[Caption-style text data]
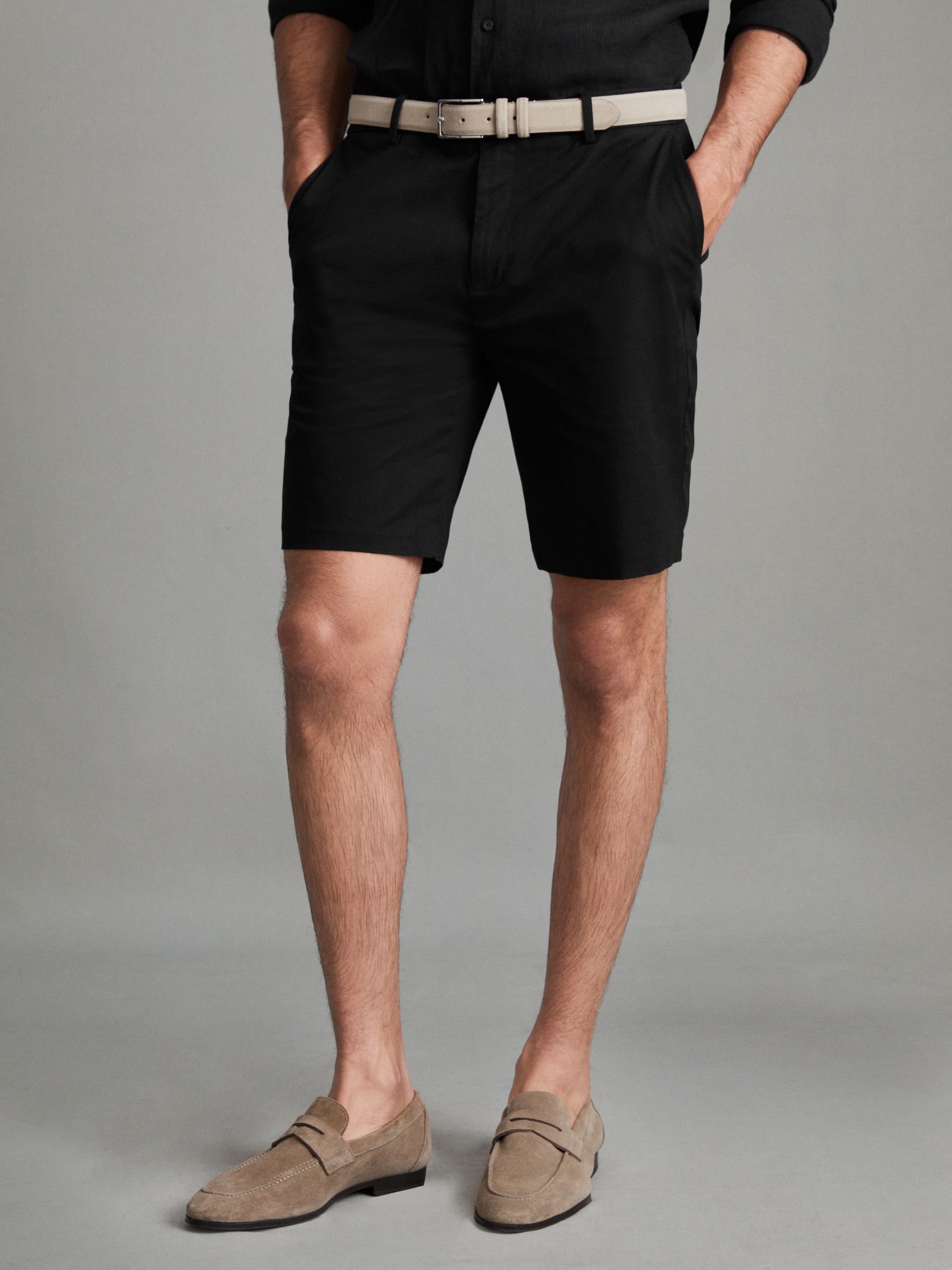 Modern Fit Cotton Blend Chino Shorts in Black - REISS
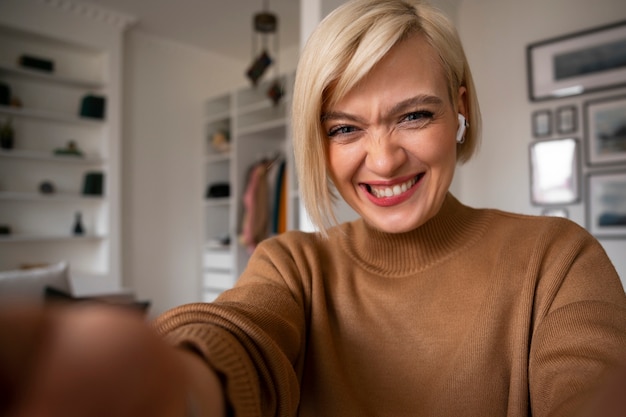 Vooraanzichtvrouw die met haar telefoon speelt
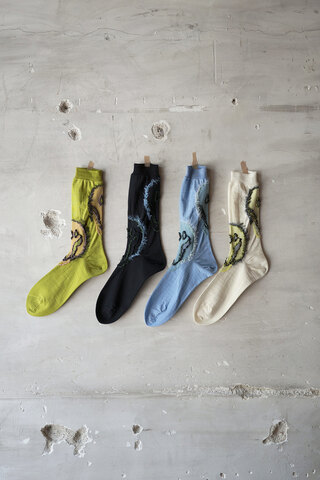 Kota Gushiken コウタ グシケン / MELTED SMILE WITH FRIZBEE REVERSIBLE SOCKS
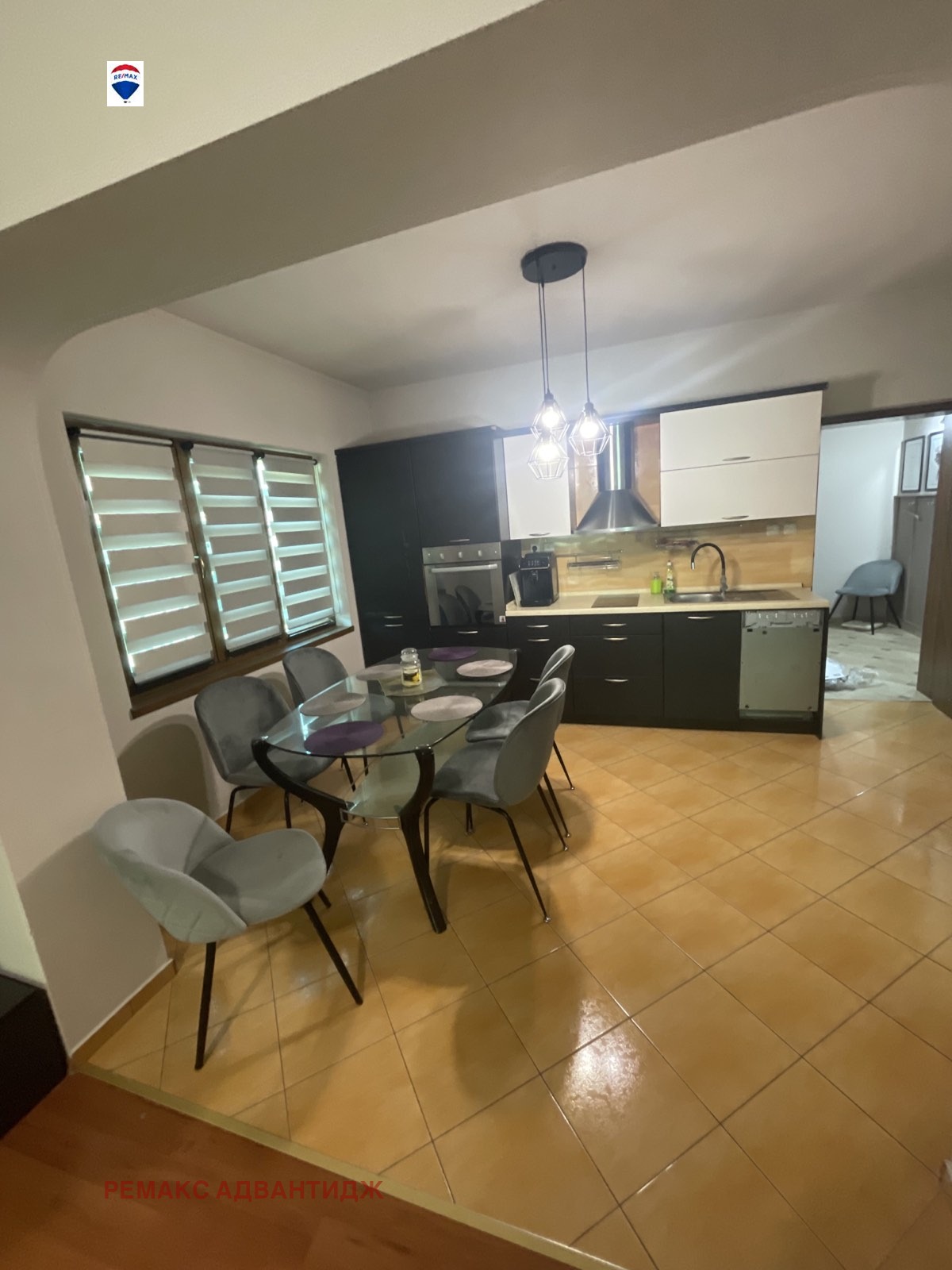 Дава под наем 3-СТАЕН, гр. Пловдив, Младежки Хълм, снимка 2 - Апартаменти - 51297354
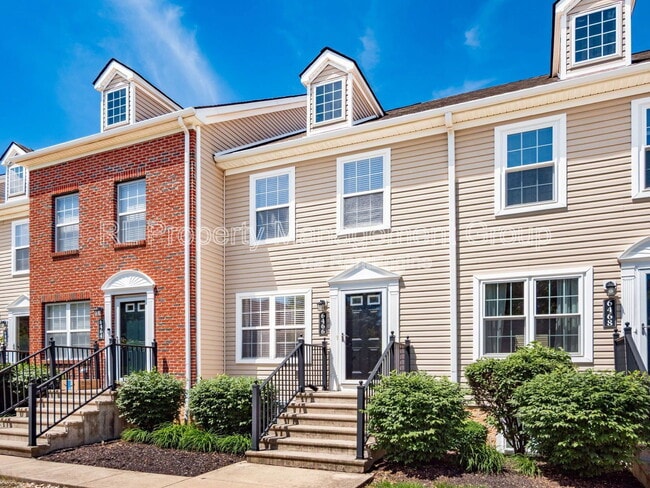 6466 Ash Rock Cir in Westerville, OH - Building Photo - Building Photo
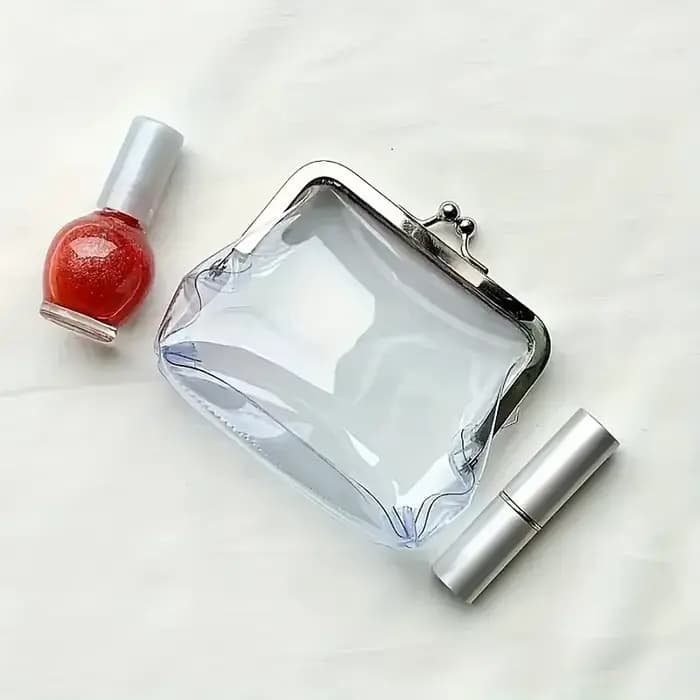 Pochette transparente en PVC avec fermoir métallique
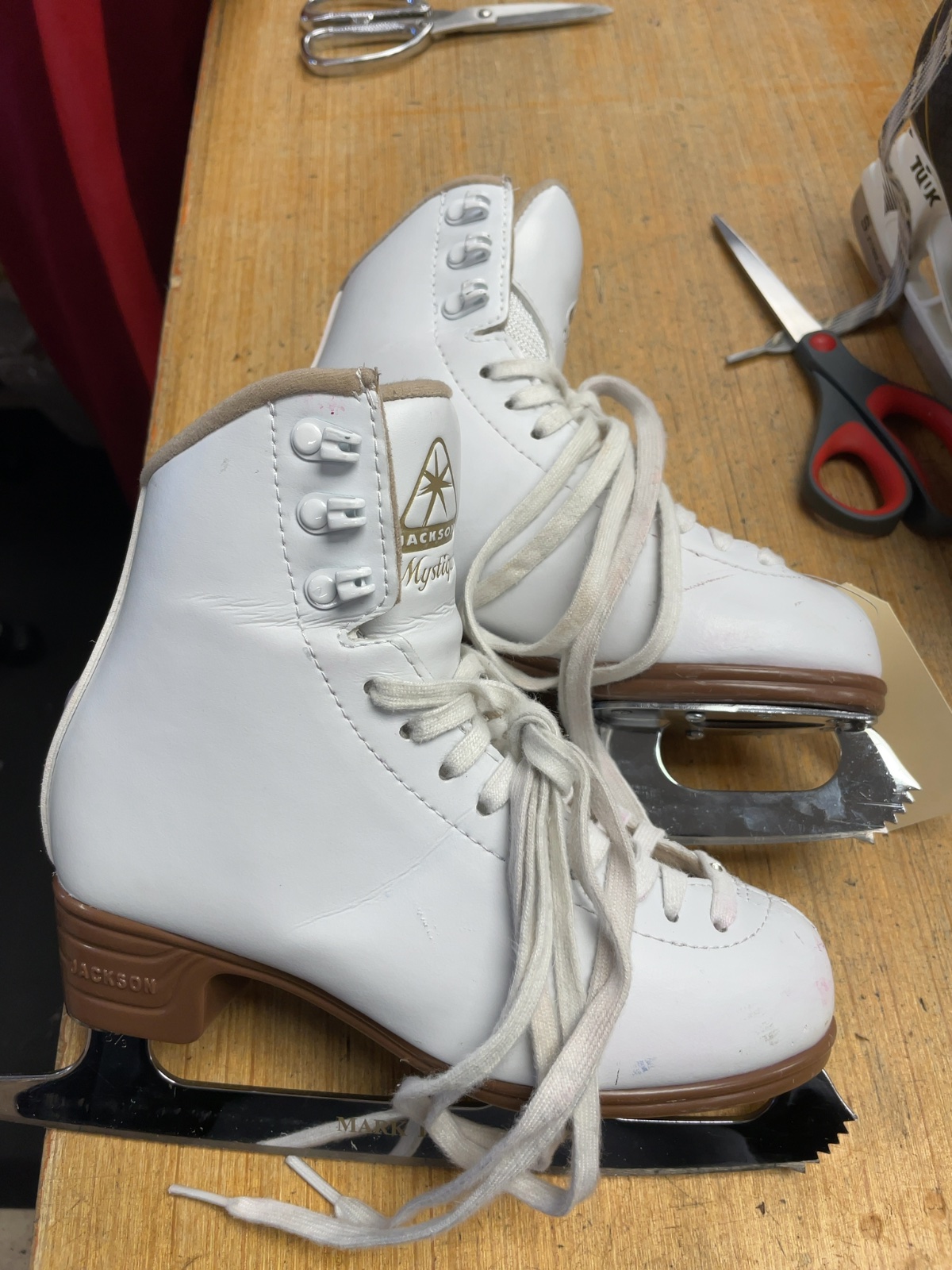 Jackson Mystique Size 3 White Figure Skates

[EXERCISE DESCRIPTION]:
Repeat each record verbatim, pictures excluded.

[EXERCISE OUTPUT]:
 Modern Fit Cotton Blend Chino Shorts in Black - REISS
 Vooraanzichtvrouw die met haar telefoon speelt
 Kota Gushiken コウタ グシケン / MELTED SMILE WITH FRIZBEE REVERSIBLE SOCKS
 Дава под наем 3-СТАЕН, гр. Пловдив, Младежки Хълм, снимка 2 - Апартаменти - 51297354
 6466 Ash Rock Cir in Westerville, OH - Building Photo - Building Photo
 Pochette transparente en PVC avec fermoir métallique
 Jackson Mystique Size 3 White Figure Skates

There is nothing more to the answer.